EXERCISE DATA:
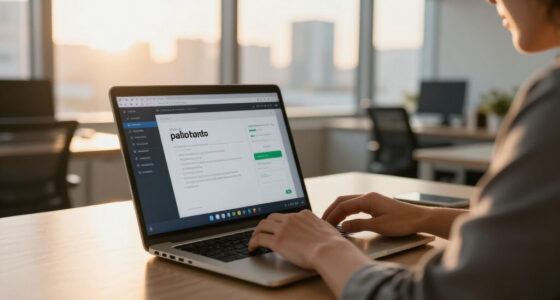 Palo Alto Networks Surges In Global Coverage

--

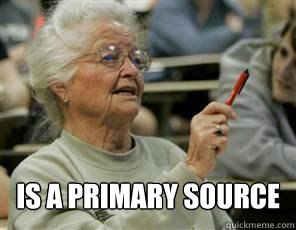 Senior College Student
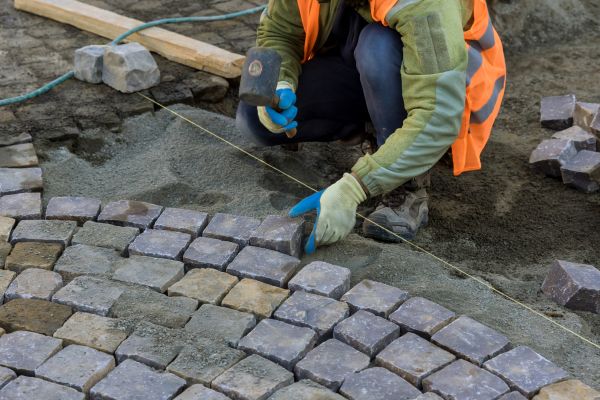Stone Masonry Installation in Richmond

==

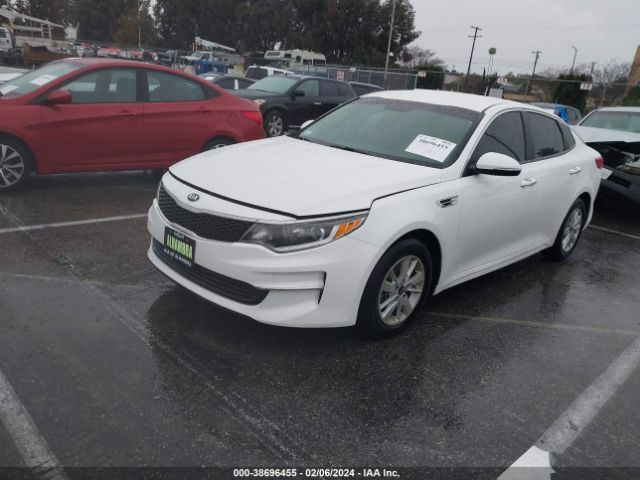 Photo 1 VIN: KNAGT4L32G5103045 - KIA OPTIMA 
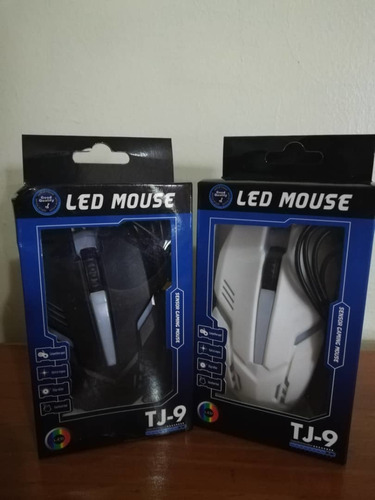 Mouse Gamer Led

EXERCISE PROMPT:
The answer must be the part of the records that opens with the line containing "Senior College Student" and closes with the line containing "Stone Masonry Installation in Richmond", reproduced exactly, with no pictures.

RESULT FOR THIS EXERCISE:
 Senior College Student
Stone Masonry Installation in Richmond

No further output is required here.